Now, things can change quickly. Hard feelings get mended, and everyone puts things behind them. But there has to be some level of cooperation to make that happen. And in Williams' case, that doesn't appear likely anytime soon.
7. Hot route
Here at 10-Point Central—where the party's at—we occasionally like to highlight some of the NFL's more remarkable plays. Like this one from Chargers wide receiver Keenan Allen, which I have watched about two dozen times.
Allen stutter-steps, sells an out route and then blasts upfield. This route is remarkable for a number of reasons, but the biggest is how Allen sells it.
This gets a little technical (I know you love technical), but most routes in which a receiver tries to fool the defensive back into thinking he's running an out route—but really is running a deep route—usually don't involve positioning the feet as wide as Allen's are.
Normally, a wide stance slows you down dramatically. But that's the selling point here with Allen and why the defensive back fell for it. It's brilliant.
8. Brady's future still unknown
Tom Brady and the Patriots agreed on a two-year extension over the weekend that gave him an extra $8 million, according to multiple reports.
Good for Brady. I know he was struggling financially. Maybe now he can afford a decent meal.
The contract extension shines little light on Brady's future, however, because it will automatically void at the end of the 2019 season. It also prevents the Patriots from using the franchise tag on him.

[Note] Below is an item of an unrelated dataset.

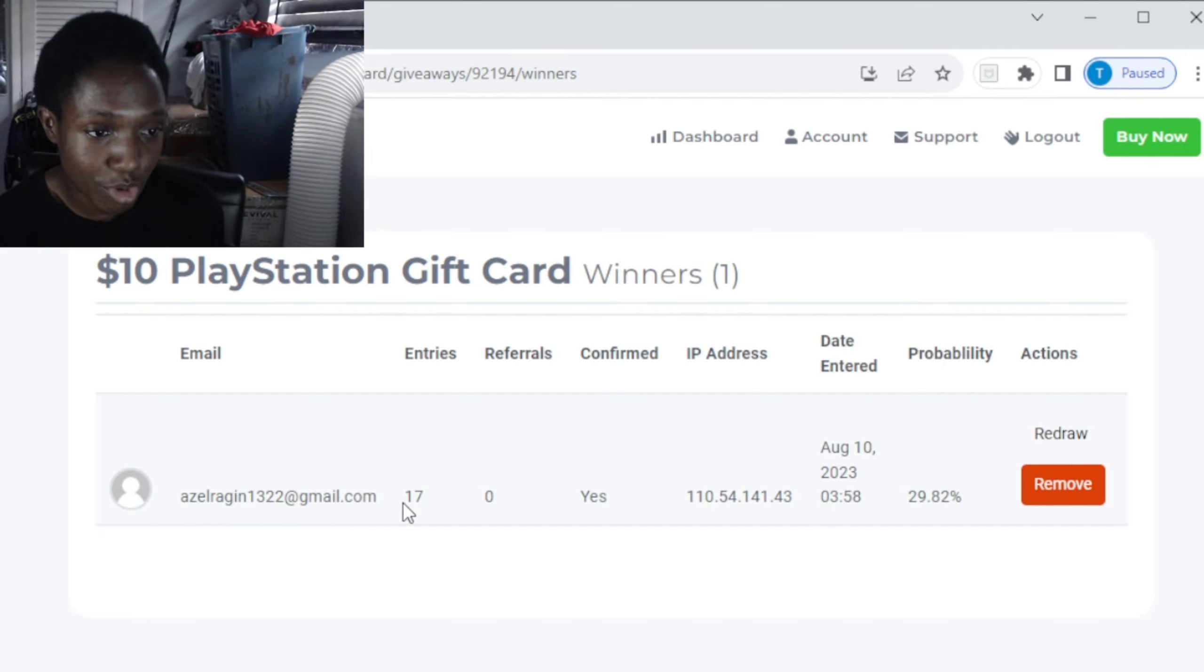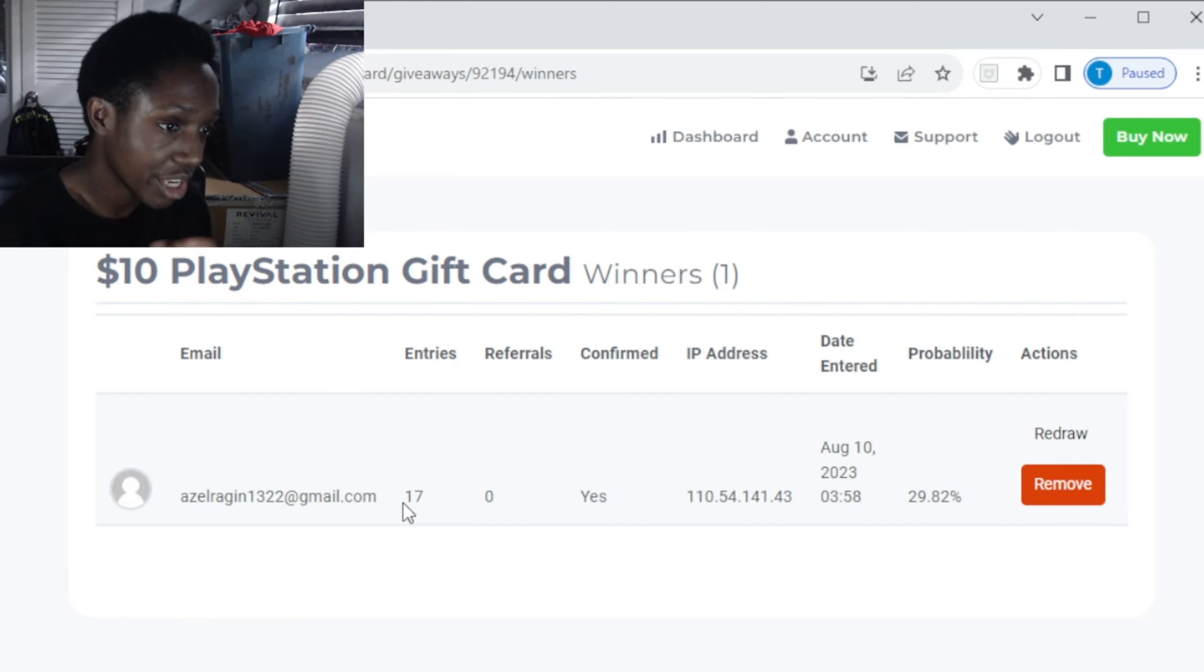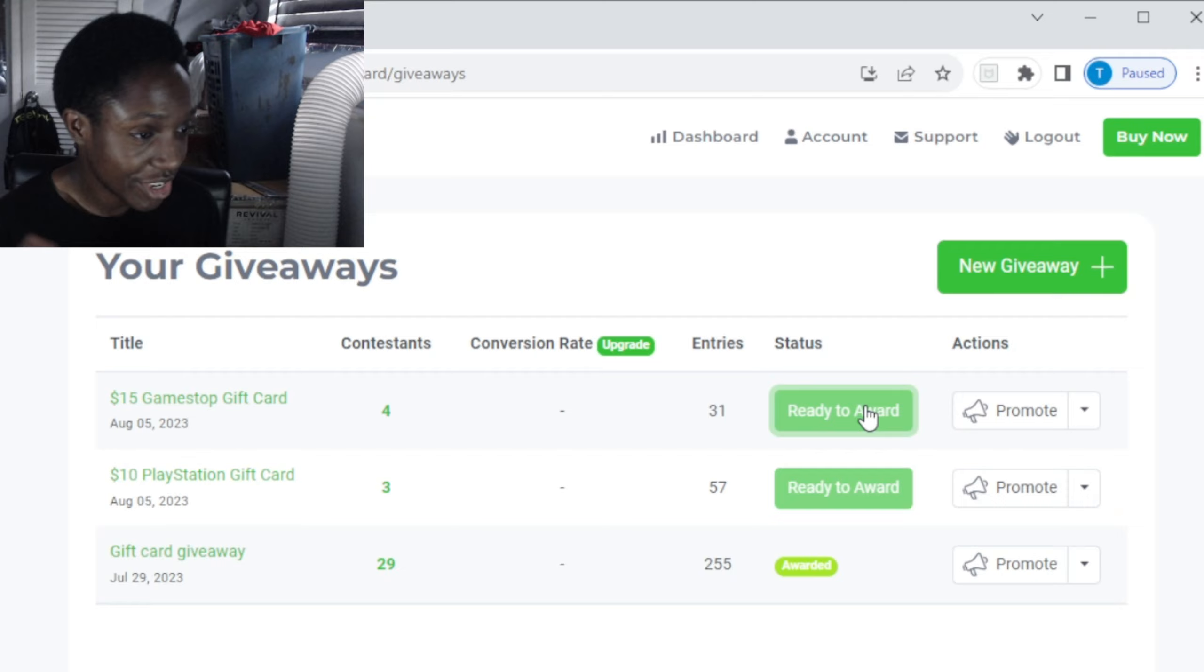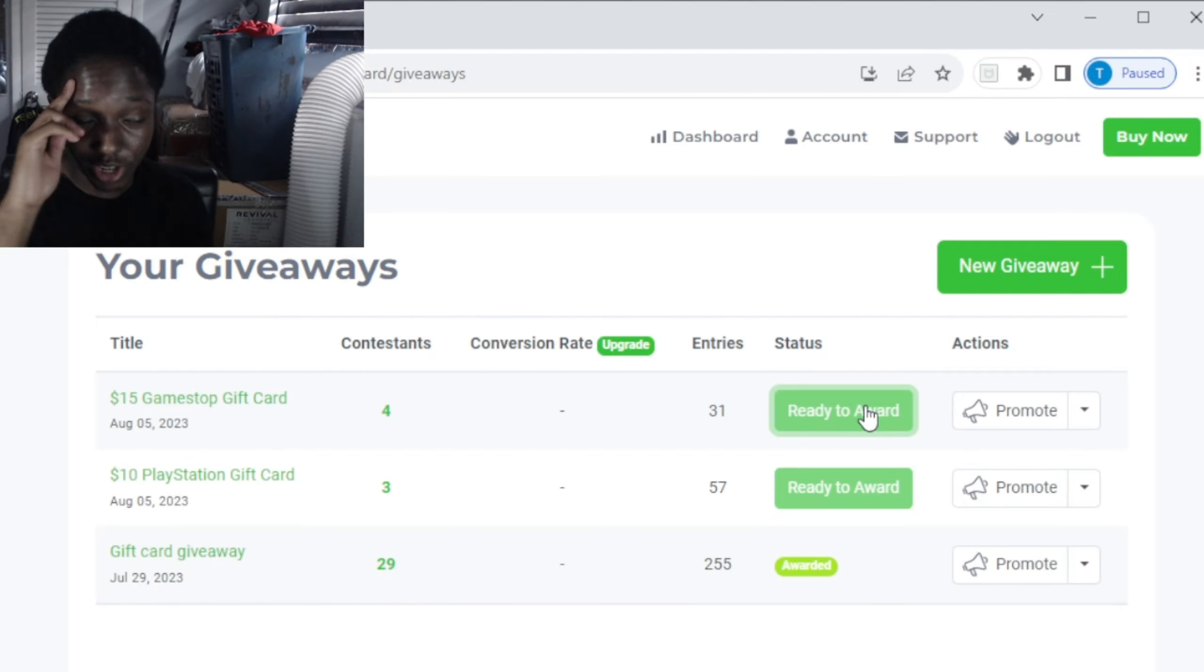Raging1322, I will be emailing you the PlayStation gift card. Congratulations to both of y'all. So I'll see you guys in the next one, later yo.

That means Brady will become a free agent in 2020.
He could also retire after the season. Or maybe he won't retire for another five seasons.
As superhuman as he is, who knows? Either way, he doesn't seem to be going anywhere anytime soon.
9. Words to remember
I've seen a lot of Hall of Fame speeches. They are often powerful and moving.
This past week, Kevin Mawae took his place in Canton with the latest memorable moment.
Mawae's speech, in which he thanked his father, may be the most powerful induction speech I've ever seen.
If you missed it, it is worth watching. It will inspire you, and we all need inspiration these days.
10. Thanks for the memories
It was a foregone conclusion, but receiver Jordy Nelson retired as a Packer after signing a one-day contract Tuesday. He last played for the Raiders in 2018.
When looking back at his career, he wasn't just a solid player, but a really good one.
Nelson walks away with 613 career catches (68th all time), 8,587 receiving yards (78th) and 72 receiving touchdowns (39th). Highly underrated as an athlete, the 6'3" Nelson was a difficult cover since he had the size to body defenders and the speed to run past them.
Nelson also was an example of how a quarterback (Aaron Rodgers) can make a receiver, and how a receiver can help even one of the best ever become more productive. The camaraderie between Rodgers and Nelson was palpable and explosive on offense.
Nelson—and all that he represented—will be missed.